PROBLEM TO SOLVE: Write out only the lines from the line that holds "Ремонт кольчужных очков" to the end of the listing below, inclusive, with the pictures omitted.

[PROVIDED MATERIAL — start]

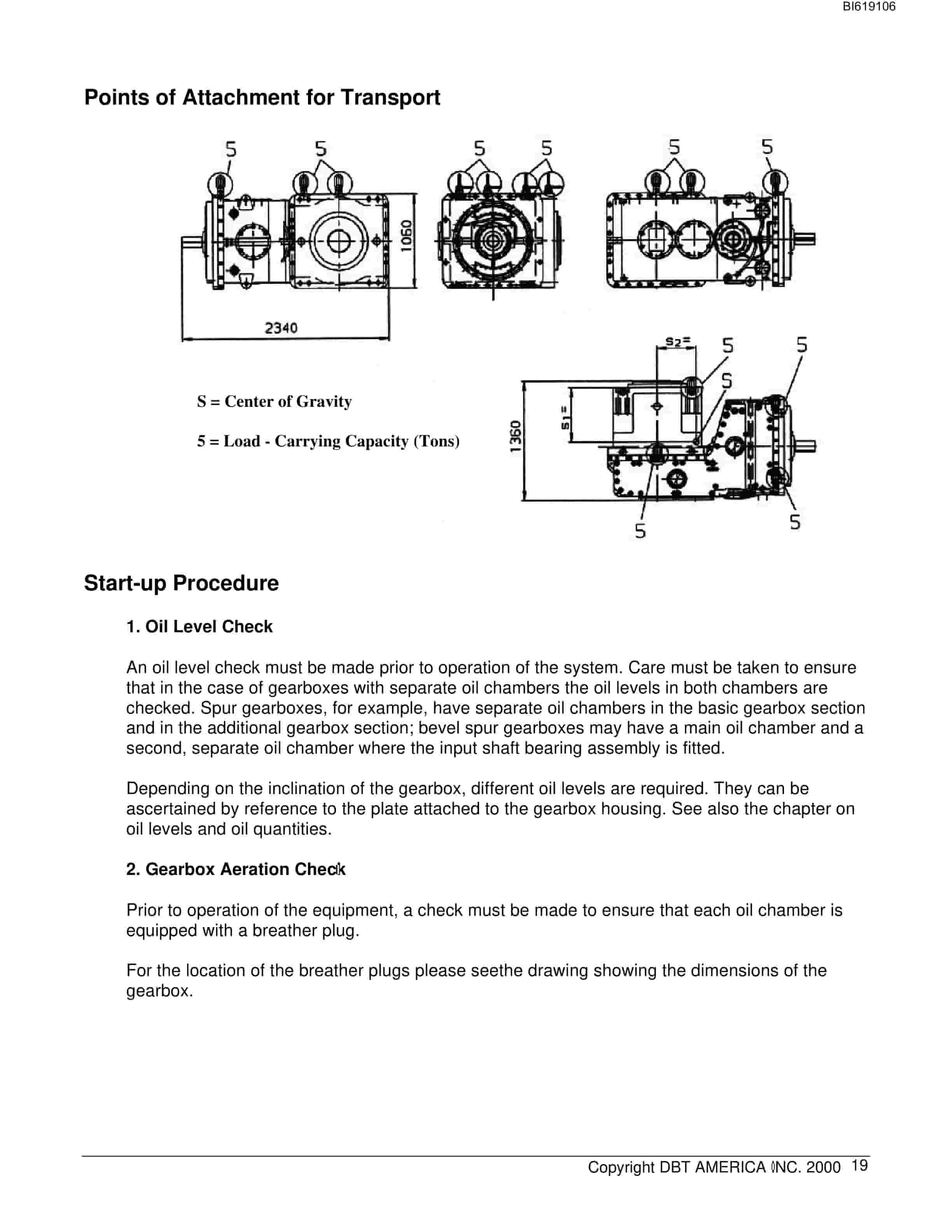 Bucyrus KP-45 Gearbox Technical Manual BI619106-5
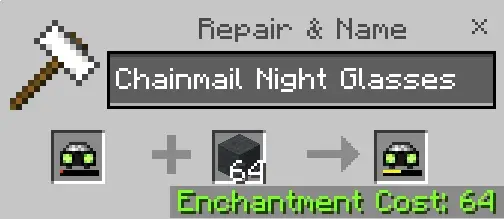 Ремонт кольчужных очков ночного видения с помощью блока шерсти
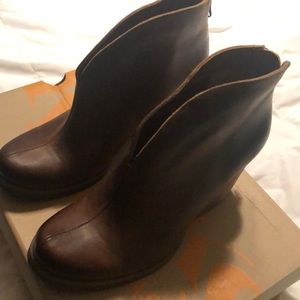 Korks booties brand new. Distressed look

[PROVIDED MATERIAL — finish]

FINISHED TASK:
 Ремонт кольчужных очков ночного видения с помощью блока шерсти
 Korks booties brand new. Distressed look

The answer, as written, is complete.